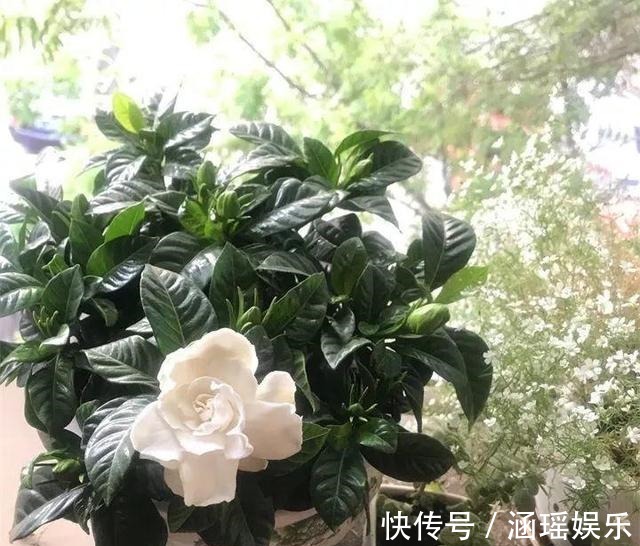 黄叶|养花施肥多麻烦!浇花水兑“养花宝”,实用又有效!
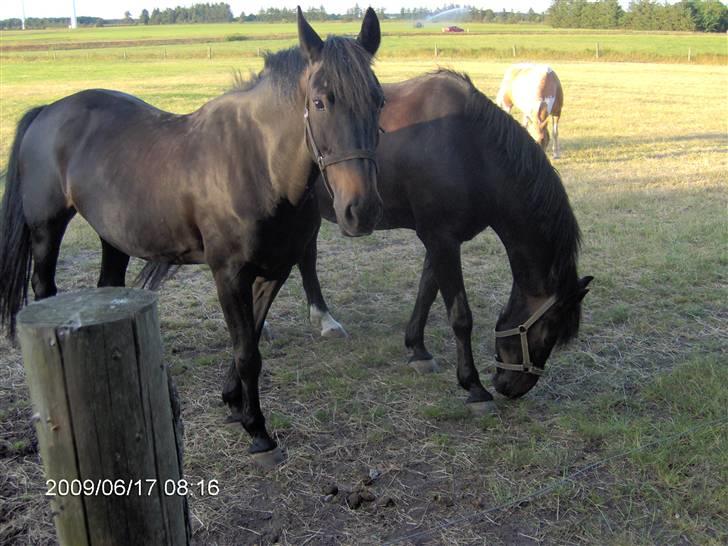 Anden særlig race Mr Tasano Tao - Her holder vi sommerferie skønt billede 7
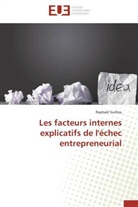 Raphaël Guillou, Guillou-R - Les facteurs internes explicatifs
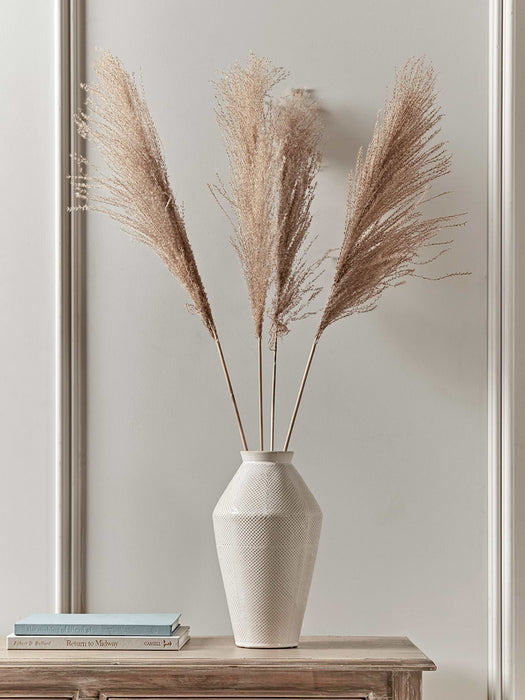 Dried Grasses Bunch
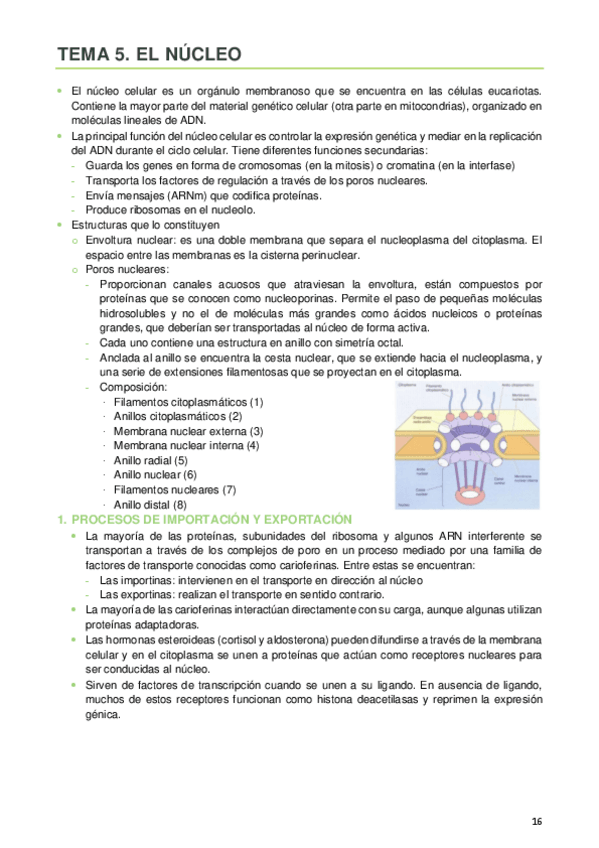 Miniatura del documento 5.pdf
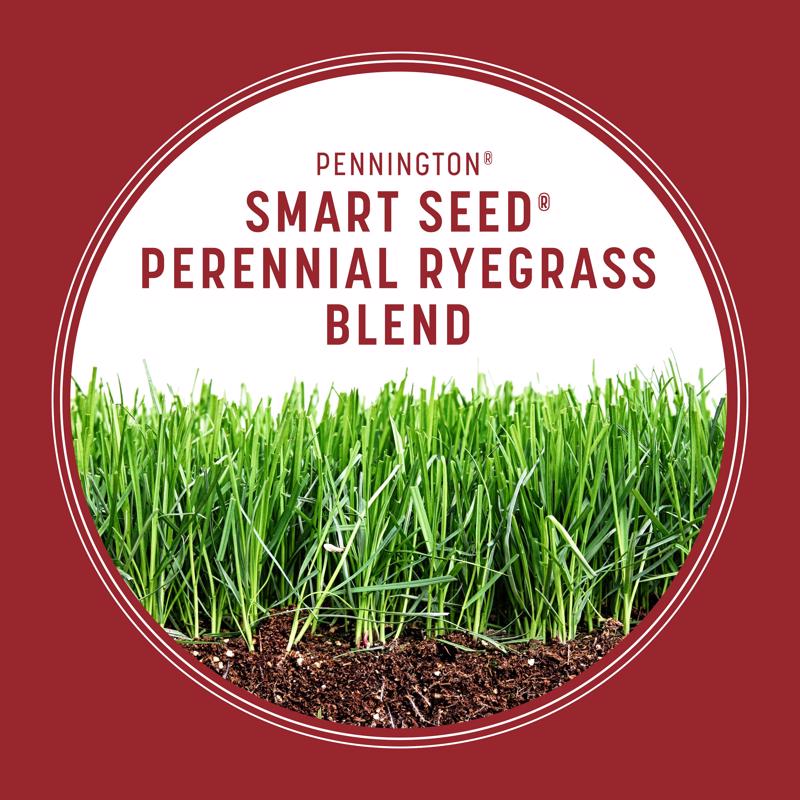 Pennington Smart Seed Perennial Ryegrass Sun or Shade Grass Seed and Fertilizer 3 lb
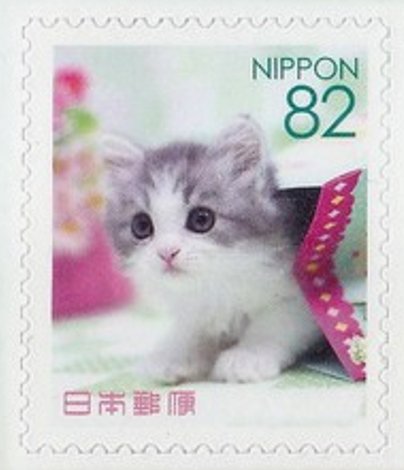 Domestic cat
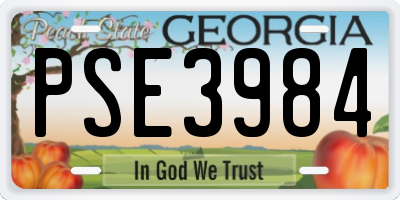 GA license plate PSE3984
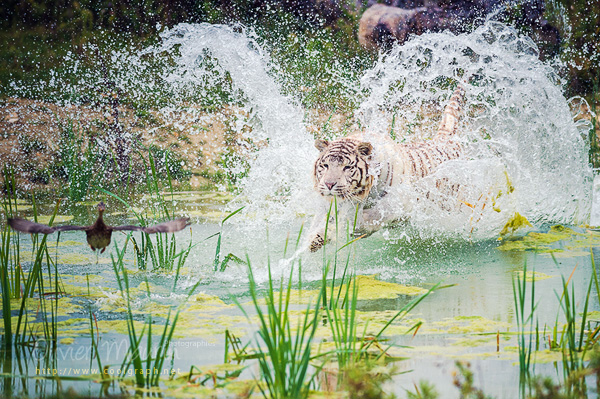 Tigre blanc à la chasse au Parc des Félins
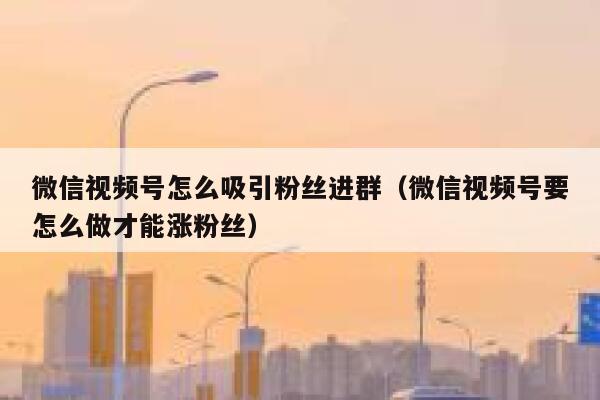 微信视频号怎么吸引粉丝进群（微信视频号要怎么做才能涨粉丝） 第1张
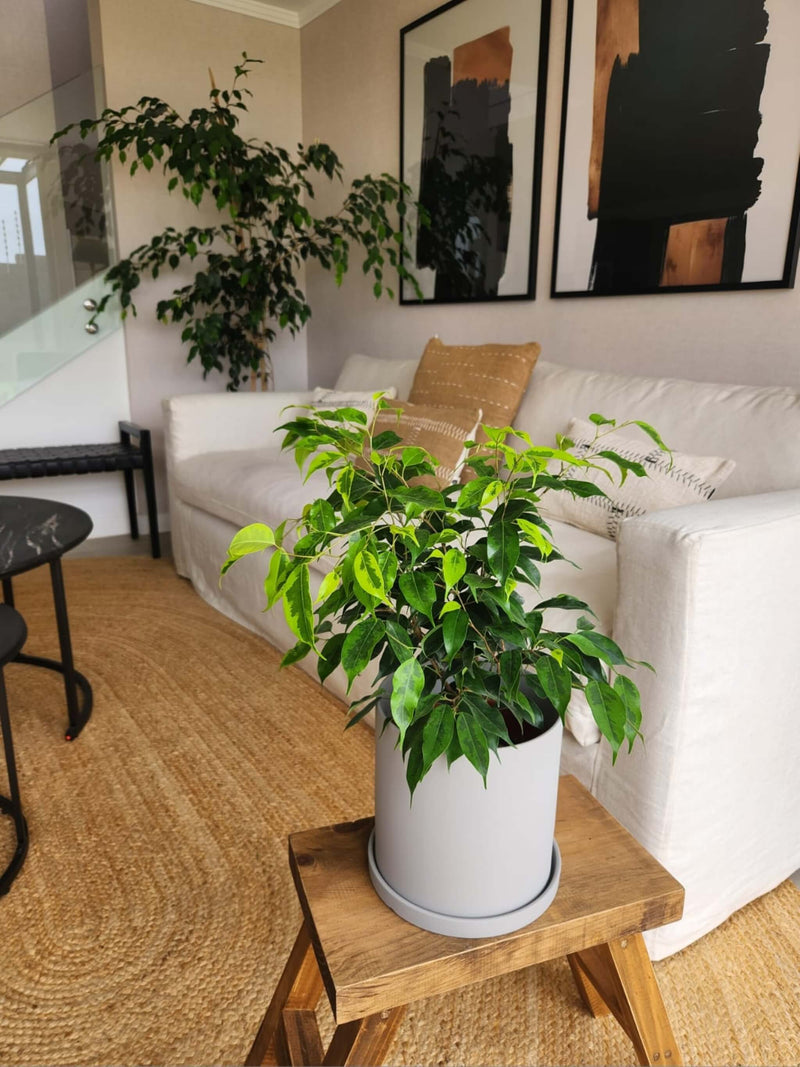 Ficus Benjamina Anastasia + Macetero Nórdico - Elige tu color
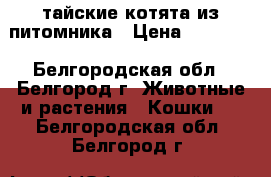 тайские котята из питомника › Цена ­ 15 000 - Белгородская обл., Белгород г. Животные и растения » Кошки   . Белгородская обл.,Белгород г.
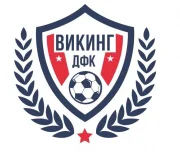 детский футбольный клуб викинг изображение 3 на проекте lovefit.ru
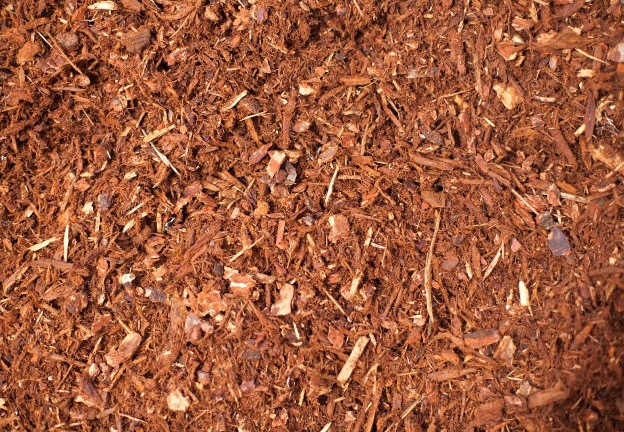 Medium Fir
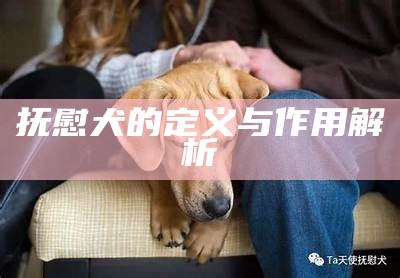 抚慰犬的定义与作用解析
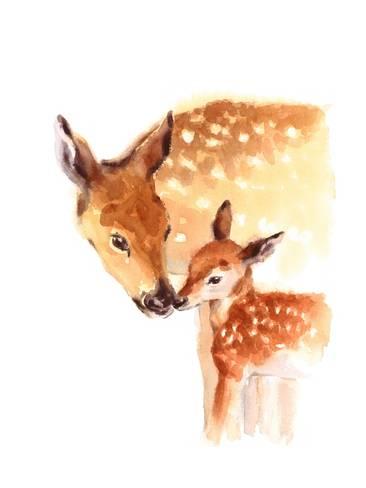 366x488 Mother And Baby Deer Watercolor Prints By Cmwatercolors - Baby Deer Watercolor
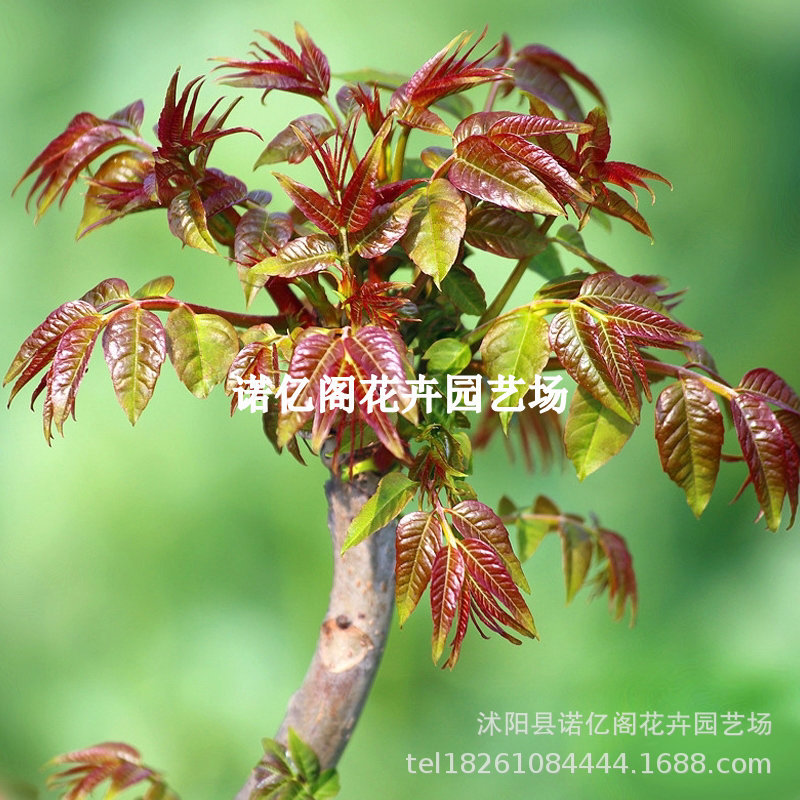 正宗红油香椿苗盆栽地栽大棚香椿树苗南方北方四季种植食用香椿芽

WORK REQUEST: Repeat, with no pictures, each line from the beginning of the data through the line containing "Miniatura del documento 5.pdf", inclusive.

ANSWER BOX:
 黄叶|养花施肥多麻烦!浇花水兑“养花宝”,实用又有效!
 Anden særlig race Mr Tasano Tao - Her holder vi sommerferie skønt billede 7
 Raphaël Guillou, Guillou-R - Les facteurs internes explicatifs
 Dried Grasses Bunch
 Miniatura del documento 5.pdf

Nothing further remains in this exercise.